(Stored records)
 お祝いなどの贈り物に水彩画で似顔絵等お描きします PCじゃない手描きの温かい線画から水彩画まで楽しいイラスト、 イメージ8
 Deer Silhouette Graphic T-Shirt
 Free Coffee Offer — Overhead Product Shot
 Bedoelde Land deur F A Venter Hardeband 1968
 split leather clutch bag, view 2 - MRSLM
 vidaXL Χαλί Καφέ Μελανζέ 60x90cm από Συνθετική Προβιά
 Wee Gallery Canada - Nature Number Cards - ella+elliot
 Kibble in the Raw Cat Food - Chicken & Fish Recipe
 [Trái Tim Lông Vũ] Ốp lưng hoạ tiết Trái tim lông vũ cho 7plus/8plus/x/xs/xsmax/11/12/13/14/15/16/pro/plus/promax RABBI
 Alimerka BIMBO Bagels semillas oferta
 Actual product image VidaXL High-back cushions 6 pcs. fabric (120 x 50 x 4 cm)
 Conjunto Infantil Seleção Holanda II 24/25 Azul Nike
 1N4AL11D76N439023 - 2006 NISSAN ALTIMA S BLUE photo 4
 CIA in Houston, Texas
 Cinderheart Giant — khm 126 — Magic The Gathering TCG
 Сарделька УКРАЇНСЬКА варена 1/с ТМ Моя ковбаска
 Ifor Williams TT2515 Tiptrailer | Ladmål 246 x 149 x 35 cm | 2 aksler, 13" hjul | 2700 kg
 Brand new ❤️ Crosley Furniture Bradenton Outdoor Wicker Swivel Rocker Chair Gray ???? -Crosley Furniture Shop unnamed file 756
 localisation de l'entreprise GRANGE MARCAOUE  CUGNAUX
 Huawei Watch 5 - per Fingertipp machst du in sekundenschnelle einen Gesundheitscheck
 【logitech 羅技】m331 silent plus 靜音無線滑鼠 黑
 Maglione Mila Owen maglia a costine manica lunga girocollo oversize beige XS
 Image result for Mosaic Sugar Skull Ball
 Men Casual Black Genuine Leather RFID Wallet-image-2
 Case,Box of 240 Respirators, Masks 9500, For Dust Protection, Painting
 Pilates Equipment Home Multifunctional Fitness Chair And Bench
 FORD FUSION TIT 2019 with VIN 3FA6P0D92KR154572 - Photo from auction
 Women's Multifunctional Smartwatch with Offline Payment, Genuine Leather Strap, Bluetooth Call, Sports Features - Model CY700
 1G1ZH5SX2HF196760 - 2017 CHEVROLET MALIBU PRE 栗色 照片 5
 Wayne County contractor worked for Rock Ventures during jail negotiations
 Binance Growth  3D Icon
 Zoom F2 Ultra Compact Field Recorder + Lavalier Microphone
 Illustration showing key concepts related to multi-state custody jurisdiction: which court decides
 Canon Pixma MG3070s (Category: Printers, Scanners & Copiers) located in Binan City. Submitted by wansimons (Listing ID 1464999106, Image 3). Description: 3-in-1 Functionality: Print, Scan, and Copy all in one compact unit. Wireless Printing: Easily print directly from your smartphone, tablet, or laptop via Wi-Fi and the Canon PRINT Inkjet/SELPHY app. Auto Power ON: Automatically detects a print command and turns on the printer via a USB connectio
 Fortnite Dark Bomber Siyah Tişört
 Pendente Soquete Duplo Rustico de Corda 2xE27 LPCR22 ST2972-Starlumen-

EXERCISE PROMPT: Begin at the line that has "Ifor Williams TT2515" in the entries above; stop after the line that has "localisation de l'entreprise". Transcribe exactly those lines and no others.

TASK ANSWER:
 Ifor Williams TT2515 Tiptrailer | Ladmål 246 x 149 x 35 cm | 2 aksler, 13" hjul | 2700 kg
 Brand new ❤️ Crosley Furniture Bradenton Outdoor Wicker Swivel Rocker Chair Gray ???? -Crosley Furniture Shop unnamed file 756
 localisation de l'entreprise GRANGE MARCAOUE  CUGNAUX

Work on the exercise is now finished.